Bir Ramazan Bayramı sabahında Resûlullah (sas), mescitte erkek saflarını yara yara hanımların arasına gelmişti. Yanında Bilâl-i Habeşî (ra) vardı. Peygamberimiz (sas) hanımlara özel bir konuşma yaparak sadaka vermelerini emretti. Bilâl elbisesinin eteğini açıp verilen sadakaları toplamaya başladı. Hanımlar Resûlullah’ın (sas) teşvikine uyarak küpelerini ve yüzüklerini çıkarıp Bilâl-i Habeşî’nin (ra) elbisesine bırakıyorlardı.

Zeyneb es-Sekafiyye, Resûlullah’ın (sas), "Ziynetlerinizden bile olsa infak edin." dediğini duyunca bu emri nasıl yerine getirebileceğini düşünmeye başladı. Eşinin ve ailesinin geçimini kendisi sağlıyordu. Üstelik evinde yetim çocuklar vardı. Onlar için de çalışıyor, gelirini onlara sarf ediyordu. Ailenin maddî yükü neredeyse tamamen onun omuzlarındaydı. Acaba bu harcamaları ile infak etmiş sayılıyor muydu? Bu harcamalar sadaka yerine geçer ve yeterli olur muydu? Eşi Abdullah b. Mes’ûd’a (ra) bu meseleyi Hz. Peygamber’e (sas) sormasını söyledi. Abdullah (ra) ise bizzat Zeyneb’in Resûlullah’a (sas) sormasından yanaydı. Zeyneb bu meselenin cevabını öğrenmek üzere Hz. Peygamber’in (sas) yanına gitti. Kapıda Ukbe b. Amr el-Ensârî’nin eşi Zeyneb ile karşılaştı. O da Allah Resûlü’ne (sas) aynı konuda danışmak için bekliyordu. Peygamberin (sas) kapısının önünde iki hanımın konuştuklarını gören Bilâl (ra), yanlarına geldi. Hanımlar, sormak istedikleri soruyu Bilâl’e (ra) ilettiler ve onu Hz. Peygamber’e (sas) arz etmesini talep ettiler. Bilâl (ra), Peygamber Efendimizin (sas) yanına girdi ve soruyu ona yöneltti. Allah Resûlü (sas) şöyle buyurdu: "Onlar hem sadaka hem de sıla-i rahim sebebiyle iki kat ecir kazanırlar."  Bu durum, asr-ı saadet hanımlarının hem ekonomik güce sahip olduklarını hem de sosyal sorumluluklarını öğrenip yerine getirmeye gayret ettiklerini gözler önüne sermektedir.

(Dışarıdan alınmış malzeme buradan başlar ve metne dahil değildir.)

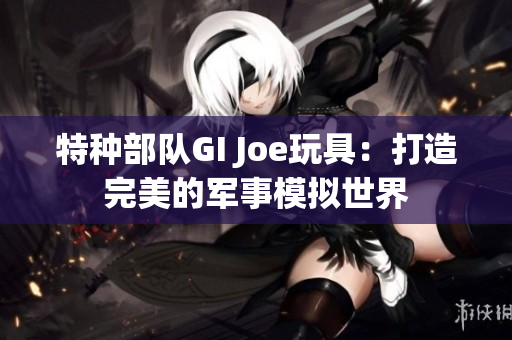 特种部队GI Joe玩具：打造完美的军事模拟世界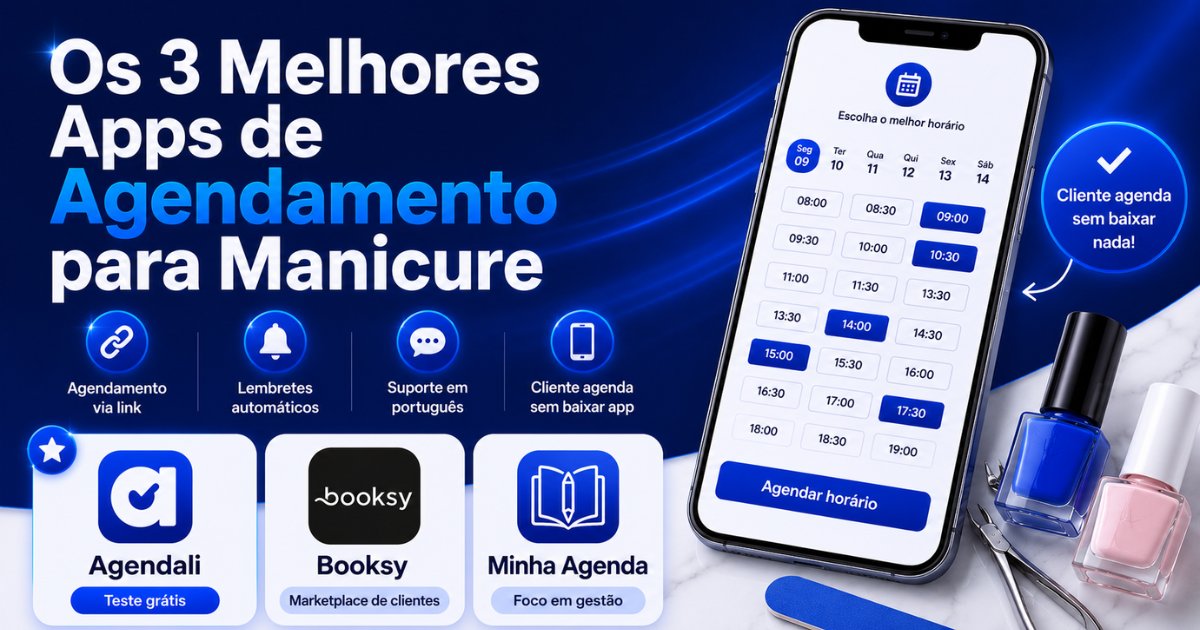 Os 3 melhores apps de agendamento para manicure: Agendali, Booksy e Minha Agenda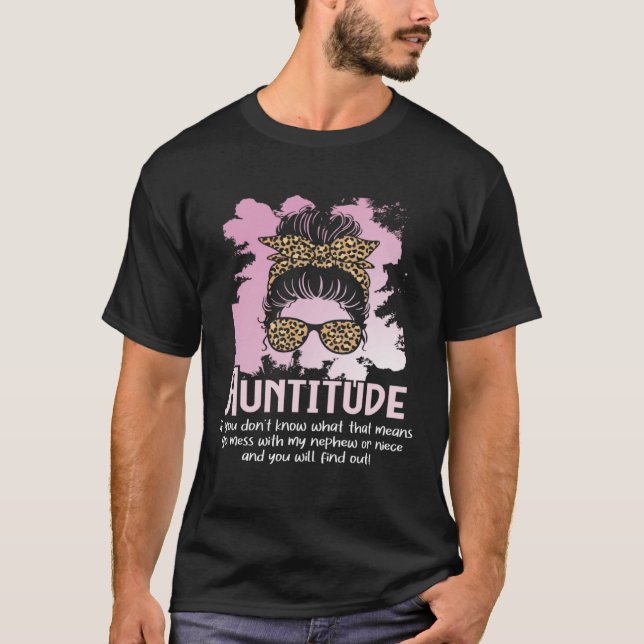 Camiseta Auntitude Messy Hair New Aunt Promoted Aunty Niece (Frente)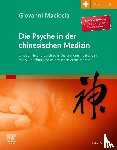 Maciocia, Giovanni - Die Psyche in der chinesischen Medizin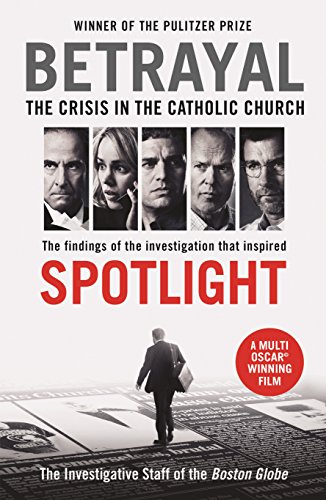 Stock image for Betrayal: The Crisis In the Catholic Church: The Findings of the Investigation That Inspired the Major Motion Picture Spotlight for sale by WorldofBooks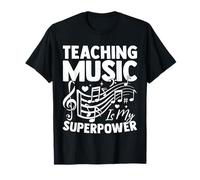 Enseigner la Musique est ma Superpuissance Appréciation des professeurs de Musique T-Shirt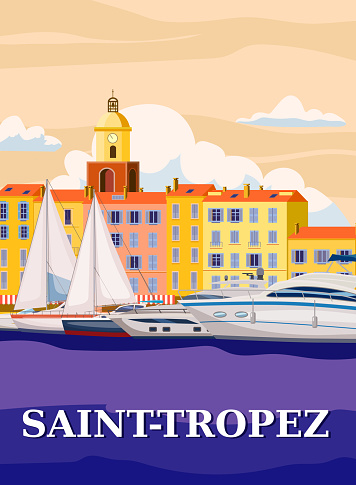 Retro Travel Poster Saint-Tropez France, old city Mediterranean. Cote d Azur of Travel sea vacation Europe. Vintage style vector illustration isolated
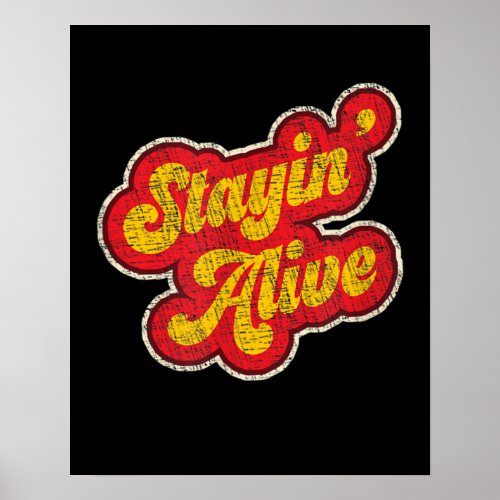 Stayin Alive Vintage 1970s Distressed Poster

Hanımlar bu iki Zeyneb’in yaptığı gibi sosyal görev ve sorumluluklarını en iyi şekilde öğrenip ifa etmeye çalışırken aynı zamanda sosyal konumlarını sorguluyor, iyi bir sosyal statüde olmayı arzuluyorlardı. Özellikle Allah katında zikredilmek onlar için oldukça önemliydi. Bu itibarla bir gün Medineli Müslümanlardan Ümmü Umâre isimli hanım, Resûlullah’a (sas) "(Kur’an’da) her şeyin erkekler için nâzil olduğunu görüyorum. Hiçbir konuda kadınların zikredildiğini göremiyorum." dedi. Ümmü Umâre’nin bu sitemkâr sorusunun akabinde Ahzâb sûresinin otuz beşinci âyeti nâzil oldu: "Müslüman erkekler ve Müslüman kadınlar, mümin erkekler ve mümin kadınlar, taata devam eden erkekler ve taata devam eden kadınlar, doğru erkekler ve doğru kadınlar, sabreden erkekler ve sabreden kadınlar, mütevazı erkekler ve mütevazı kadınlar, sadaka veren erkekler ve sadaka veren kadınlar, oruç tutan erkekler ve oruç tutan kadınlar, ırzlarını koruyan erkekler ve ırzlarını koruyan kadınlar, Allah’ı (cc) çok zikreden erkekler ve çok zikreden kadınlar var ya; işte Allah (cc), bunlar için bir mağfiret ve büyük bir mükâfat hazırlamıştır."  Âyet, Cenâb-ı Allah’ın (cc) kadın olsun erkek olsun iman ve itaat eden herkese mağfiret ve mükâfat vereceğini açıklamakta, kadın ve erkek arasında Allah (cc) katında bir fark gözetilmediğini vurgulamakta idi.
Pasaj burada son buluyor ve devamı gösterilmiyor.